The marks stand out now that the dirt is gone—thin jagged lines crossing my palms and fingers, some already darkened. Too many of them. My pulse kicks hard beneath her grip.

"I—" I swallow. "I scratched myself yesterday, in the kitchen. It’s just—"

She doesn’t let me finish. Her other hand seizes my skirts and yanks them up roughly, fabric bunching at my hips, shock holding me in place as cold air hits my legs.

In an instant, Mama has dropped to her knees. Her hands are on me again, fingers digging into muscle as she drags the cloth higher, inspecting, searching. Her breath comes faster now—I feel it against my skin. They are everywhere—thin cuts, thorn pricks, streaks of red where skin split and bled. Some are fresh. Some not.

For a heartbeat, the space goes utterly silent. Her hand remains fisted in my skirts, joints paling as if she has forgotten she is holding me at all. When she looks up at me, her face is different—tightened, drawn inward, something hard burning behind her eyes.

"You lie to me."

I go still.

"I—I didn’t mean—" My tongue falters. "Mama, it’s nothing, I just—"

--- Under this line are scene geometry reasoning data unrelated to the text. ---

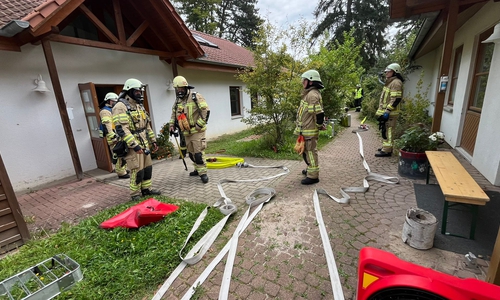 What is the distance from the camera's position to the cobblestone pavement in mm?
2156

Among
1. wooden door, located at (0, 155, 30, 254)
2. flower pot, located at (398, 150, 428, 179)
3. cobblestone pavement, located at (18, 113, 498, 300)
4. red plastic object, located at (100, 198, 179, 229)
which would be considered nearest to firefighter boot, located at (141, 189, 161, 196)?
cobblestone pavement, located at (18, 113, 498, 300)

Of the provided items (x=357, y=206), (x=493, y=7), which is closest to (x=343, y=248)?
(x=357, y=206)

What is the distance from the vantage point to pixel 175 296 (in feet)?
6.83

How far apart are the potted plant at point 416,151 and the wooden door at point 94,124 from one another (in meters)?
6.79

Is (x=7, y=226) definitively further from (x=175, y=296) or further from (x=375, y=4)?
(x=375, y=4)

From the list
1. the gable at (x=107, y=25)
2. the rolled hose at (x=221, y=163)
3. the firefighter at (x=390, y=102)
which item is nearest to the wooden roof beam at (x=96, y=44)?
the gable at (x=107, y=25)

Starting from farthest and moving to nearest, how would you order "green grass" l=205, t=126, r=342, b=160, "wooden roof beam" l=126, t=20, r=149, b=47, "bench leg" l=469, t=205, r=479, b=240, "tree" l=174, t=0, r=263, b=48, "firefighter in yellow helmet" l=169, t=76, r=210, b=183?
1. "tree" l=174, t=0, r=263, b=48
2. "green grass" l=205, t=126, r=342, b=160
3. "wooden roof beam" l=126, t=20, r=149, b=47
4. "firefighter in yellow helmet" l=169, t=76, r=210, b=183
5. "bench leg" l=469, t=205, r=479, b=240

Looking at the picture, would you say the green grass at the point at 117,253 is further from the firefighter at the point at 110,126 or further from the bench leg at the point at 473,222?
the bench leg at the point at 473,222

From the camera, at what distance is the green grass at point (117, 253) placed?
7.23ft

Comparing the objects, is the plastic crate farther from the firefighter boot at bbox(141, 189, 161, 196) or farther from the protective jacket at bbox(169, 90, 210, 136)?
the protective jacket at bbox(169, 90, 210, 136)

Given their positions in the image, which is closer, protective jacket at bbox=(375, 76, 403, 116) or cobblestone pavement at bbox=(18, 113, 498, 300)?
cobblestone pavement at bbox=(18, 113, 498, 300)

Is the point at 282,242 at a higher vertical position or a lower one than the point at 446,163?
lower

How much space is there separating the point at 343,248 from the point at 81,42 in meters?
6.64

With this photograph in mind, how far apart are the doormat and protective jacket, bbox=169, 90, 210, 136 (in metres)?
4.01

Her grip loosens, but only enough to let the skirts fall.

"You were told," her voice cuts. "Again and again."

As if struck from above, she folds forward at my feet, her knees hitting the floor hard enough to make the crockery on the shelf rattle. Her hands leave my legs only to clasp together, fingers white-knuckled, headbowed so low her forehead nearly touches the ground, and I recognize the words spilling from her lips before I understand them.

"Doamne, apara copilul meu," she whispers. "Cura?e?te-o… nu lasa raul sa se prinda de sufletul ei… nu lasa întunericul sa o atinga…"[12]

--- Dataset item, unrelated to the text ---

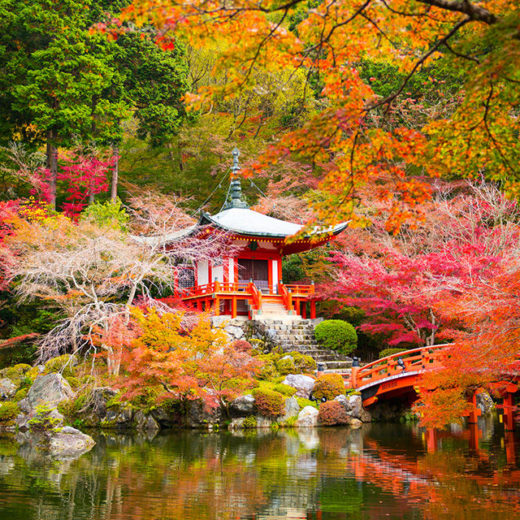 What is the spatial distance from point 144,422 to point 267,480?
748 centimetres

The litany tumbles over itself as her fingers trace the sign of the cross again and again over my calves, over my knees, trembling as they go. I can only gaze upon her, heart pounding so hard it makes me dizzy.

"Mama," I plead, my voice small despite myself. "It’s not the devil. It’s not—it’s just what Tata taught me—"

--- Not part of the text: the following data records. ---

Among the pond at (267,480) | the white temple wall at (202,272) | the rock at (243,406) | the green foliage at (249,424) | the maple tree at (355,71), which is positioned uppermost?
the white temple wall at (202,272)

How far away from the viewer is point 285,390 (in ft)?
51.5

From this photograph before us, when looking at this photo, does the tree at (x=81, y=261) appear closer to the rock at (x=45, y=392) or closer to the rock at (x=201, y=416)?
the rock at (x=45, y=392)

She moves too fast for me to finish. She is on her feet in an instant, her hand snapping closed around my wrist again, tighter this time.

"Shh!" comes the panicked hiss.

It cuts clean through me. She leans close, so close I can see the fear swimming in her eyes

"You do not speak of that," her gaze flicks toward the door, then the window, as if the walls themselves might be listening. "He did not teach you anything. Do you hear me?"

I nod without meaning to.

"He was a man. And that was another time, a foolish time. He did not know better."

A frown distorts her face, as if the words taste bitter.

"If Popa Vasile had been there—if the Church had been stronger—he could have prayed for him. He could have been saved."

Her eyes shine wetly now.

"The Lord might have spared him."

Something inside me recoils.

"We walk God’s path now," she insists, almost pleading. "We do not touch the old ways. We do not mix ourselves with pagan tricks and devilish lies. That is how evil finds its way in. That is how it stains the soul."